Shale considered briefly. “I suspect it might not have been a real creature.”

Kahlan’s jaw dropped. “Not real? Are you kidding me? It was real enough to whip me around underwater and nearly drown me.”

“I think you must be right that a monster of that size couldn’t live down there.” The sorceress gazed off down the hall. “A witch man could have conjured such a thing. Michec probably knew we fell in and conjured it. That’s the most likely explanation. It had to be him trying to kill you.”

“Considering how real it behaved, how powerful it was, and how it reacted and bled when Richard cut it, if it wasn’t real then how are we to be able to tell what’s real from what’s not?” Kahlan asked.

Shale regarded her with a grim expression. “With any kind of witch that powerful, you often can’t.”

“Then how can we possibly fight back?”

“When you are fighting the illusion, you are, in a way, fighting the witch. When you cut the thing attacking you, slashing it as Lord Rahl apparently did, you are, in a way, harming the witch, because the illusion is partially an extension of them. Odd as it may seem, it’s not entirely an illusion, not an independent creature. It’s conjured but also real and as such, in certain aspects, connected to them.”

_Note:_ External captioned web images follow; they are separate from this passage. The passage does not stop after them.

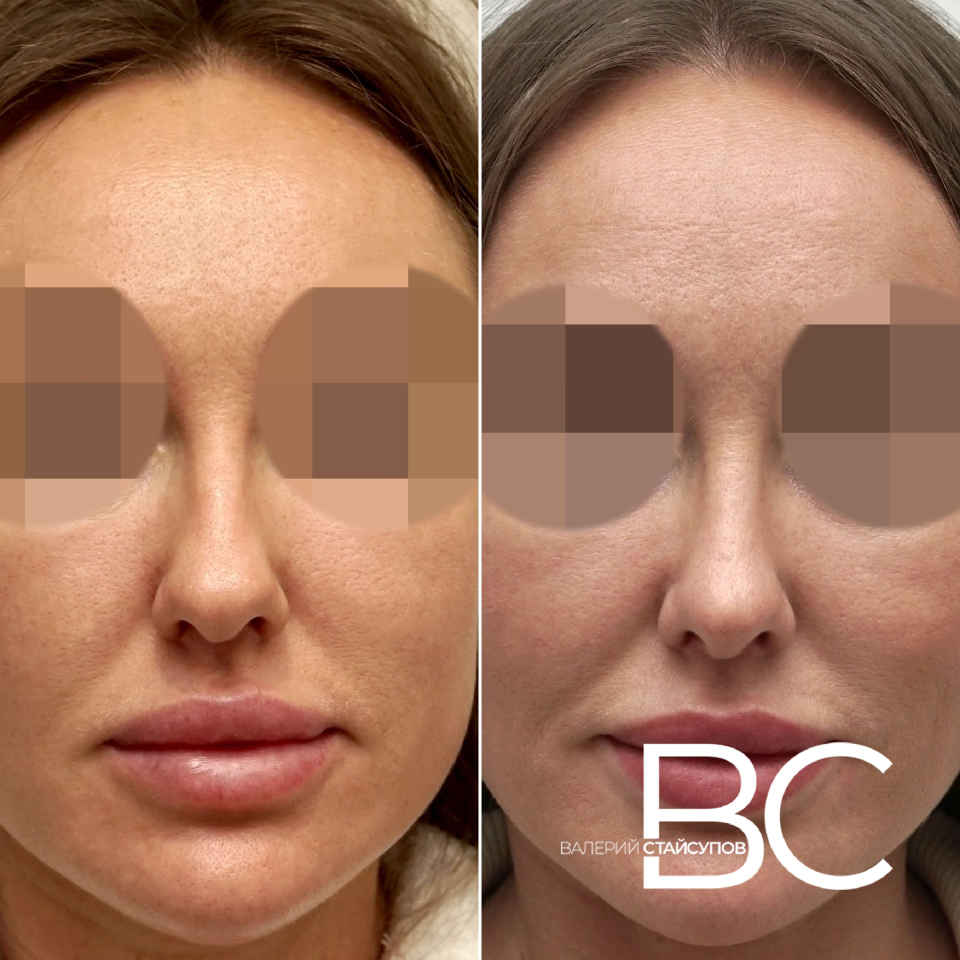 ринопластика кончика носа Стайсупов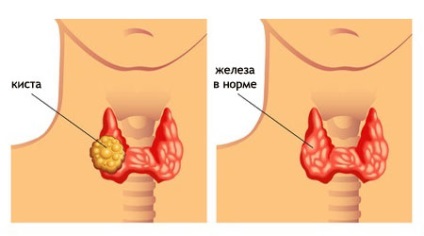 Chistul glandei tiroide tip de boală și metode de tratament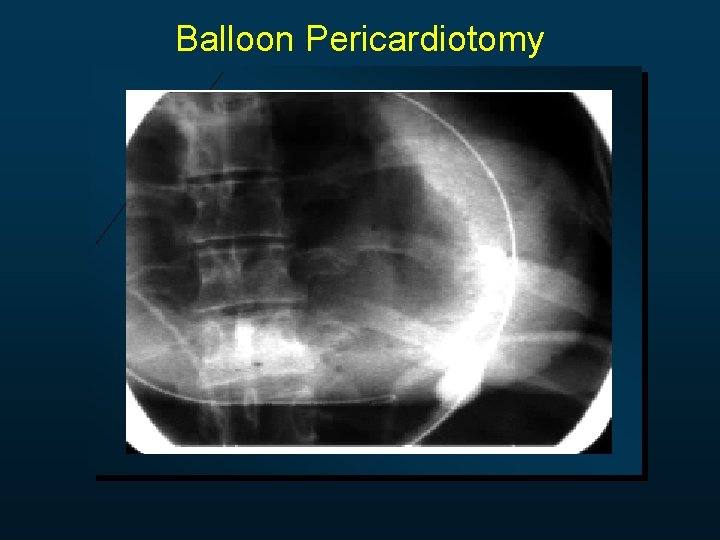 Balloon Pericardiotomy 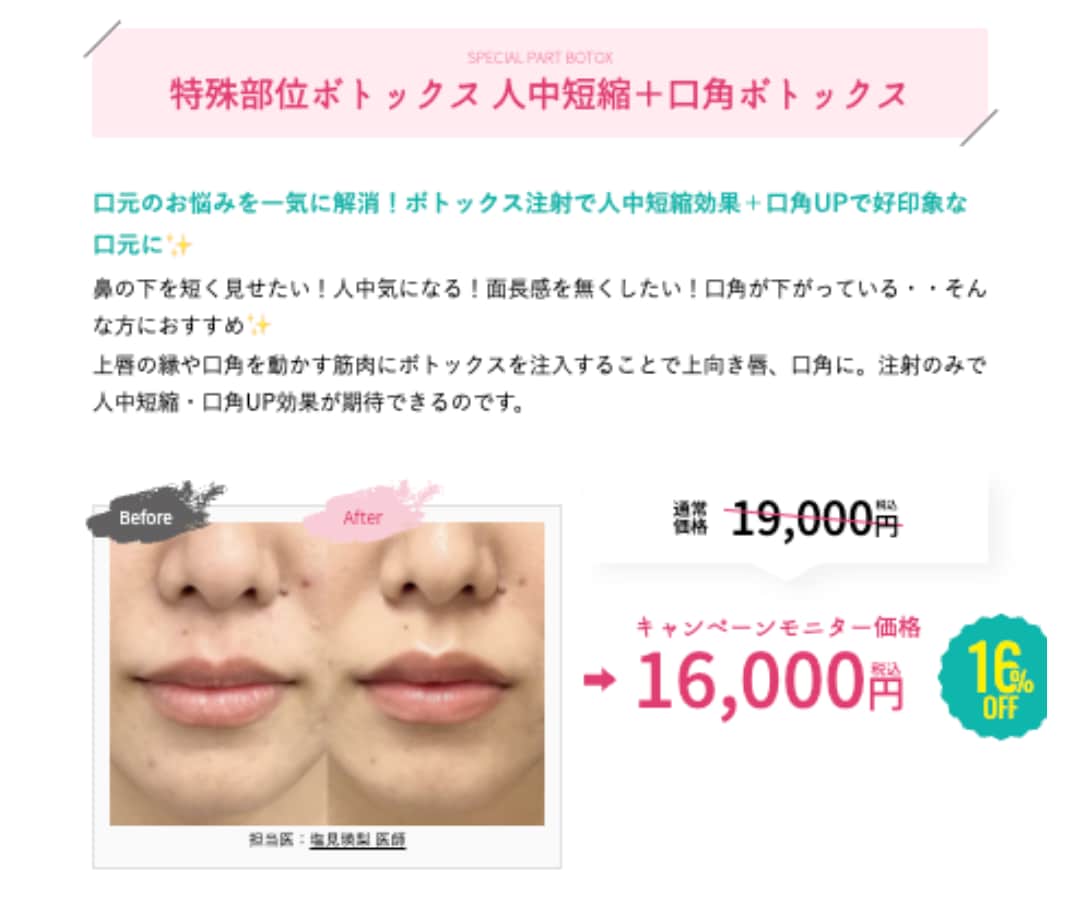 人中短縮ボトックス+口角ボトックス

“We don’t have time to discuss it right now,” Richard interrupted. “We’re all alive. We need to go after Michec. I have a feeling that Nyda, Cassia, Vale, Berdine, and Rikka don’t have any defense against the man, otherwise he wouldn’t have been able to capture Vika. Come on. Conjured fire and creatures, real or not, I need to catch him before he can get far.”

“What are we going to do when we catch him?” Shale asked.

“Kill him,” Richard said without pause as he started out.